[Records from a collection]
# # # # #
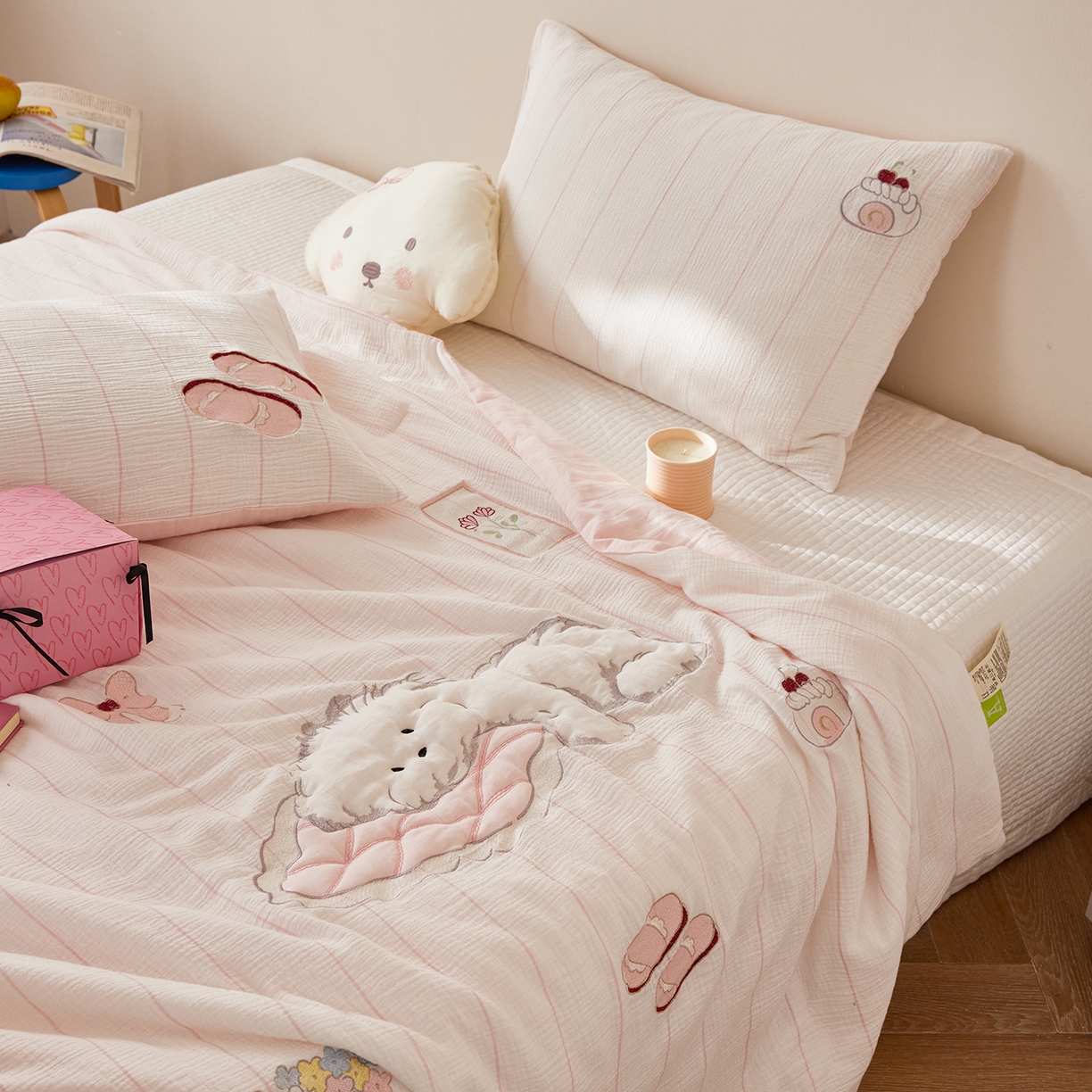 91家纺网 家纺一手货源 找家纺 （总）风向标家纺 2026春夏新款40s皱皱纱绣花夏被夏凉被空调被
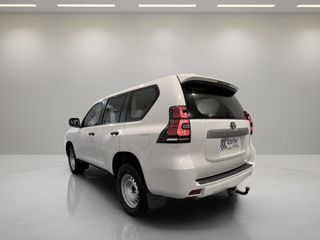 Toyota Land Cruiser 2.8 D-4D GX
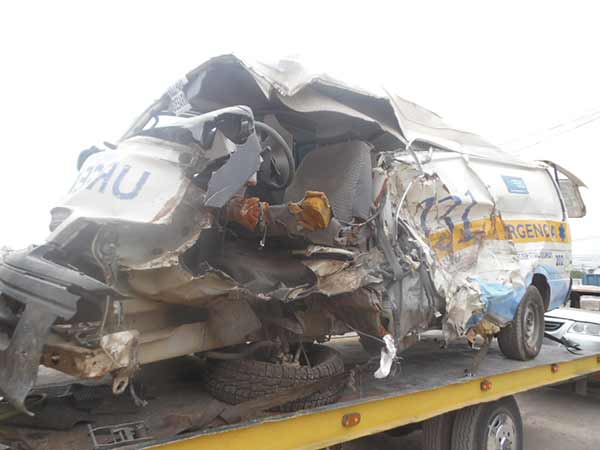  Toyota HIACE 2002    EN DESARME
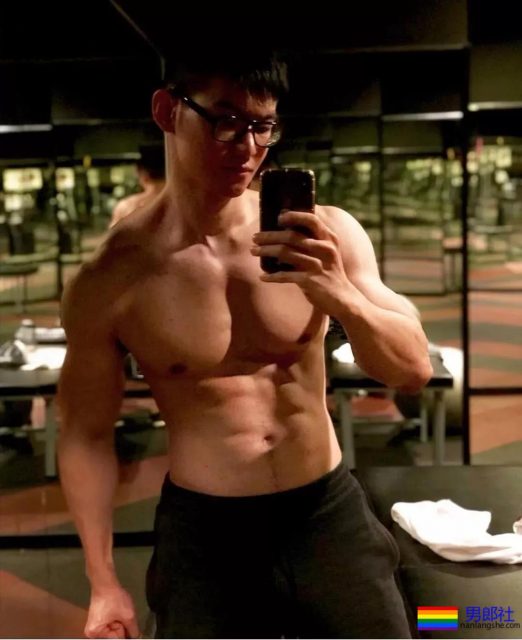 18的精壮小狼狗勒得太紧,既能秀身材还能卖萌 - 51虹马 18的精壮小狼狗勒得太紧,既能秀身材还能卖萌 - 51虹马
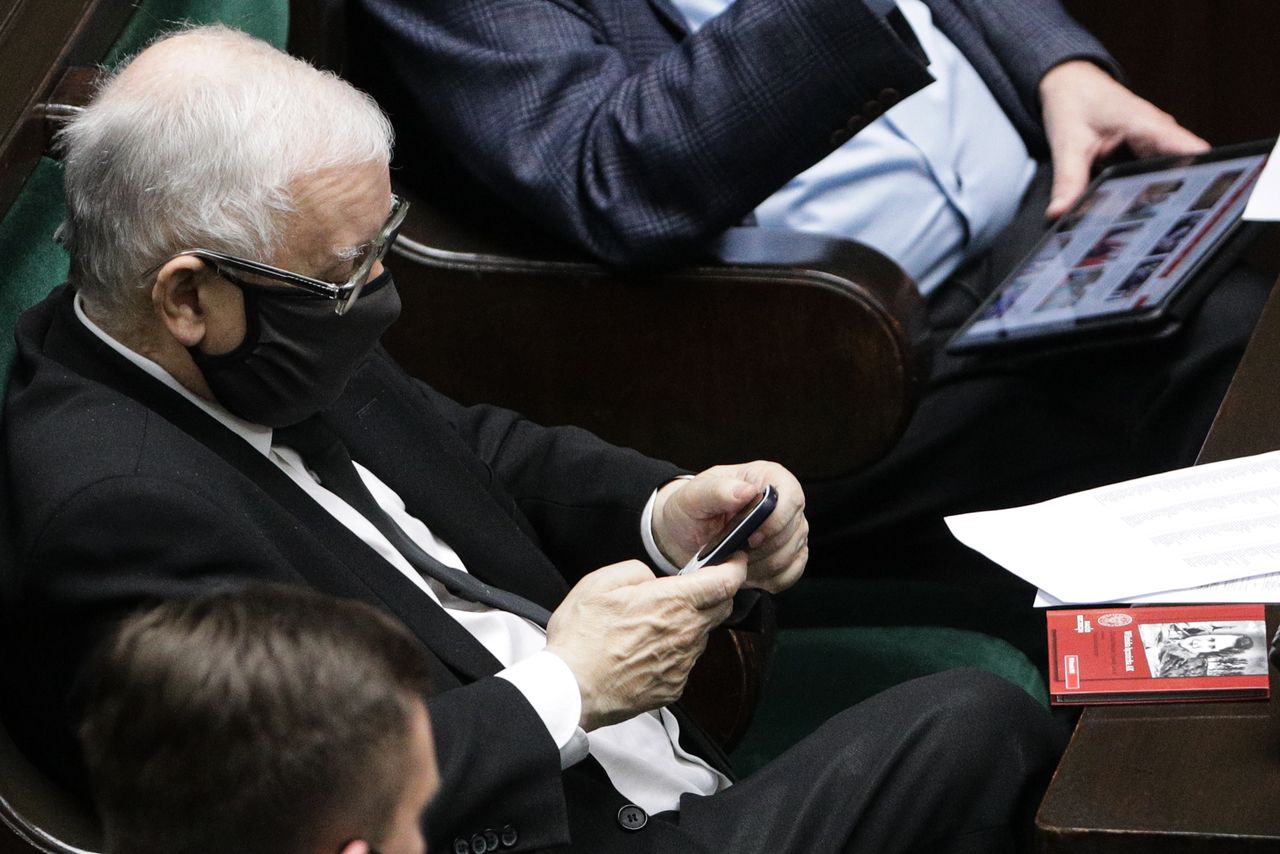 Jarosław Kaczyński poleca swój telefon. Jakiego modelu używa?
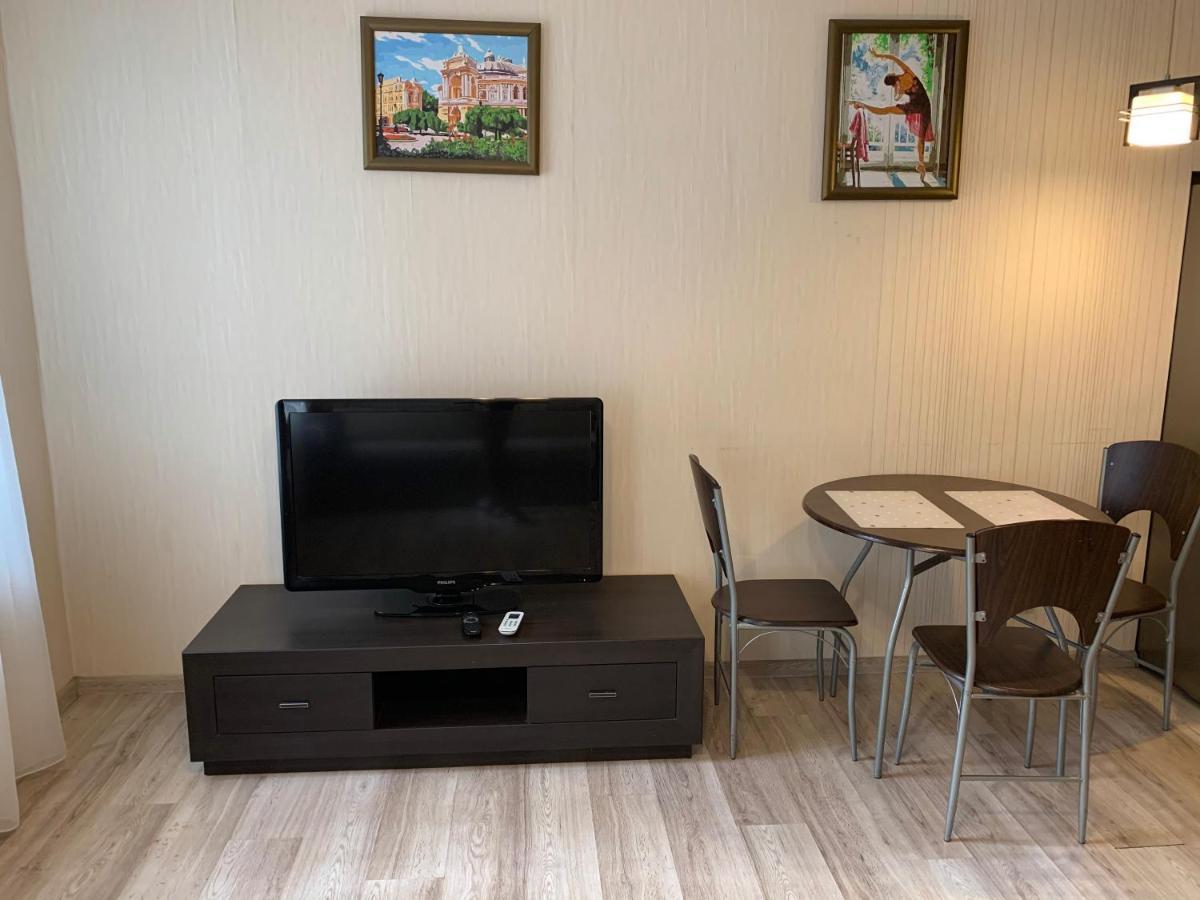 Excellent Apartment In The Center Of Odessa Exteriör bild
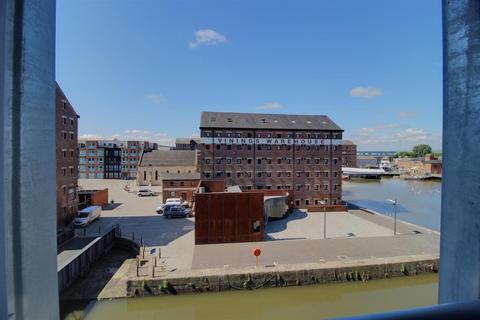 2 bedroom apartment for sale, Merchants Quay, Gloucester Docks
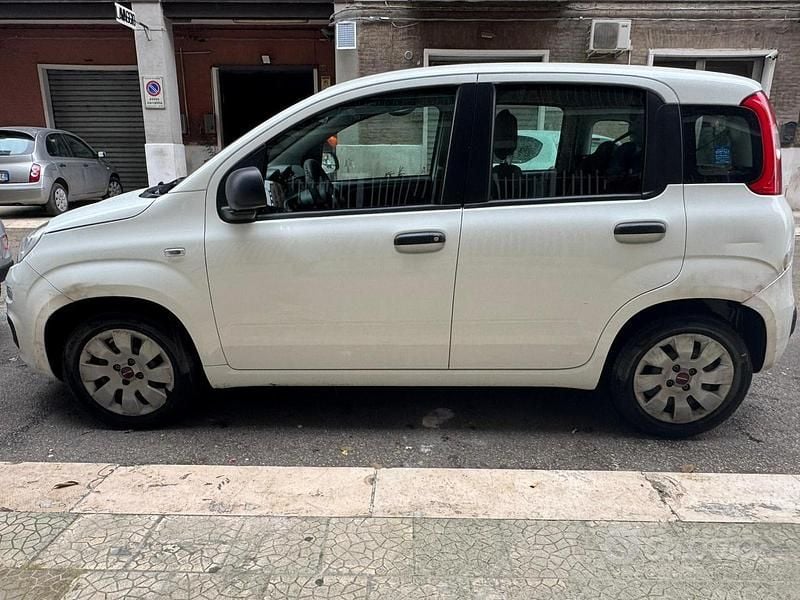 Bianco Usata 2014 Fiat Panda Easy Due volumi | 3800 € (Super prezzo) - Immagine 1/4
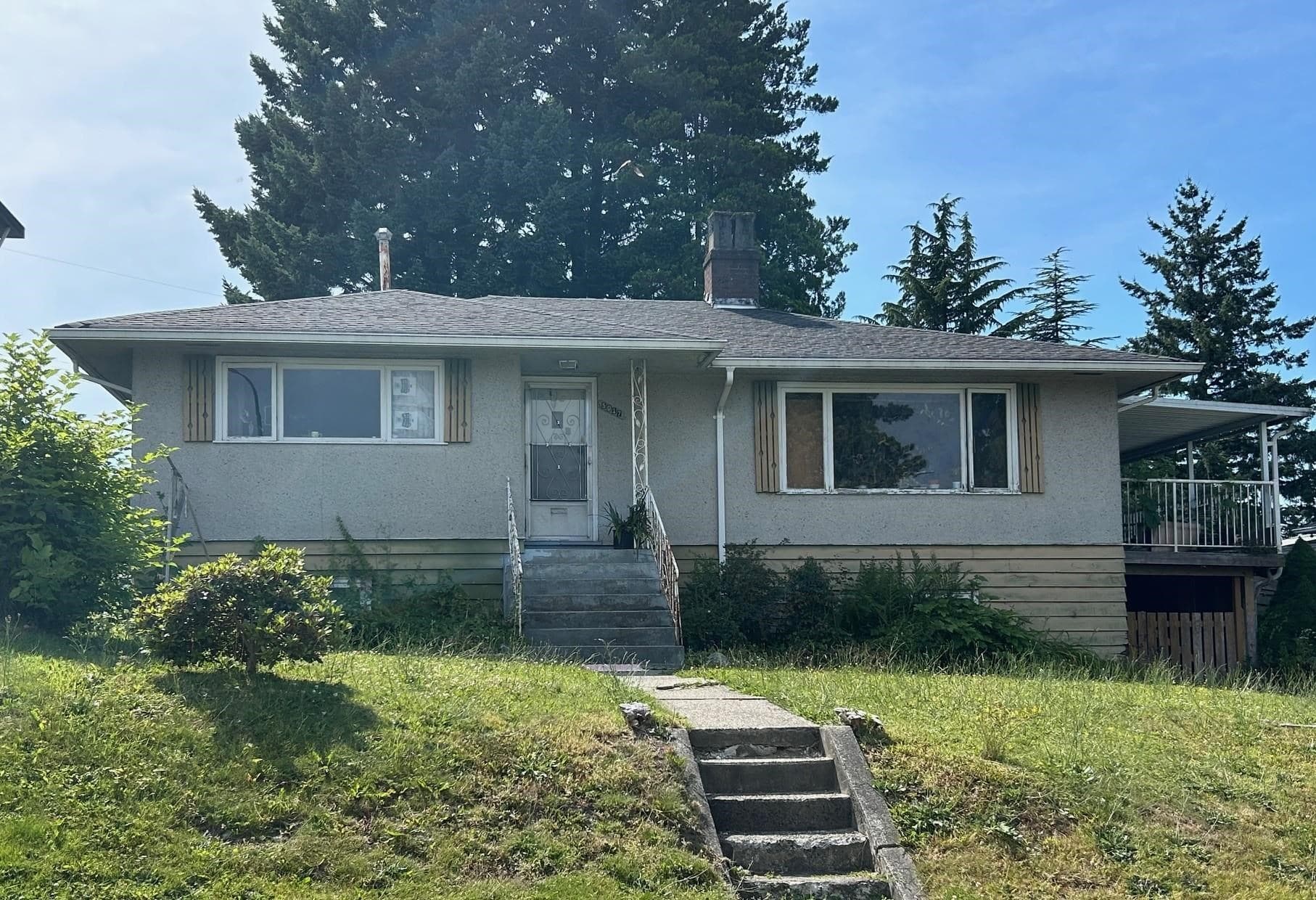 5017 Pioneer Avenue, Burnaby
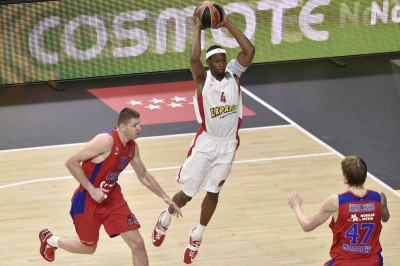 Καρφώνει και «καρφώνει» ο Πέτγουεϊ (video)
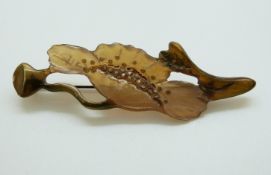 An Art Nouveau French horn brooch signed George Pierre 1895-1914, 8.5 x 2.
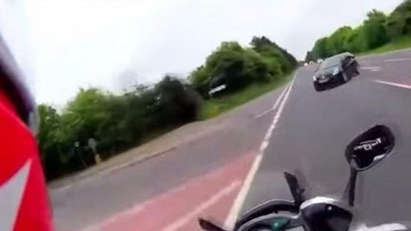 Моторист записа смъртта си със 160 км/ч (видео, 18+)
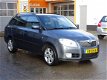 Skoda Fabia Combi - 1.6-16V Sport airco, licht metalen velgen, cruise controle - 1 - Thumbnail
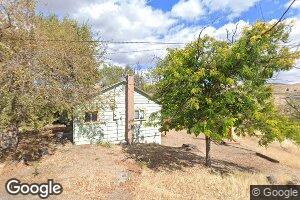 111 Deschutes Ave, Maupin, OR 97037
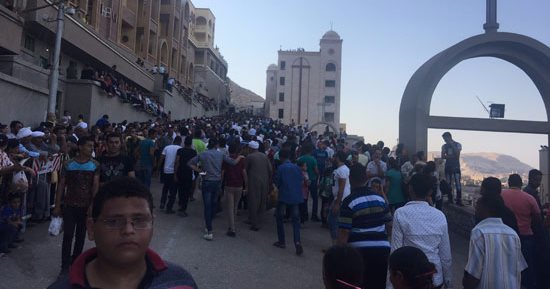 آلاف الأقباط يحتفلون باليلية الختامية بمولد السيدة العذراء فى دير درنكة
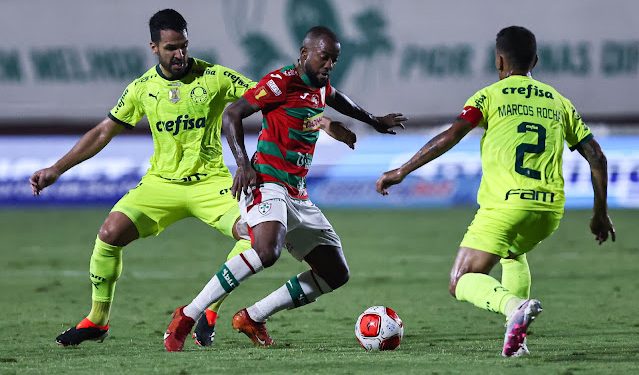 Em jogo horroroso no Canindé, Palmeiras bate Portuguesa e agora tem a melhor campanha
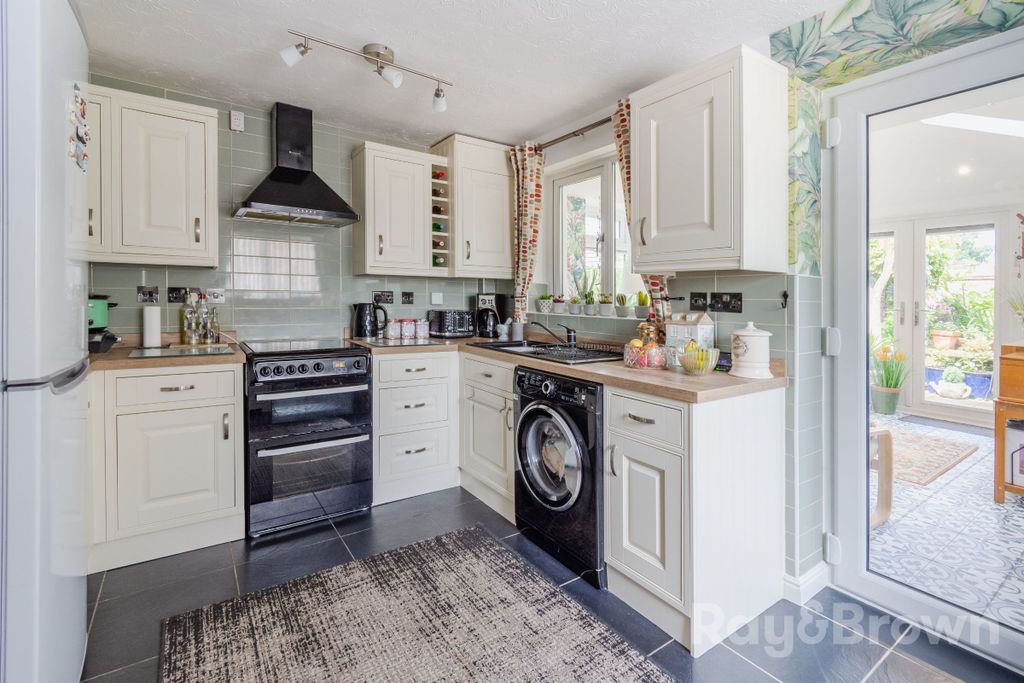Property photo 2 of 52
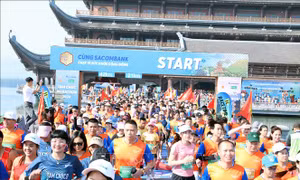Khoảng 4.000 vận động viên tham gia giải chạy Tam Chúc Marathon 2024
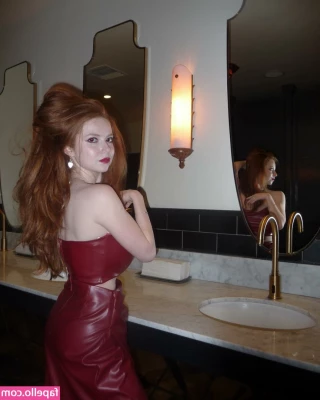Francesca Capaldi [ francesca-capaldi ] - There is room in my bed and your invited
# # # # #
* _Problem details_
Reproduce the data above exactly, but only from the line containing "Bianco Usata 2014" through the line containing "Моторист записа смъртта"; skip the pictures.

* _Response_
 Bianco Usata 2014 Fiat Panda Easy Due volumi | 3800 € (Super prezzo) - Immagine 1/4
 5017 Pioneer Avenue, Burnaby
 Καρφώνει και «καρφώνει» ο Πέτγουεϊ (video)
 An Art Nouveau French horn brooch signed George Pierre 1895-1914, 8.5 x 2.
 Моторист записа смъртта си със 160 км/ч (видео, 18+)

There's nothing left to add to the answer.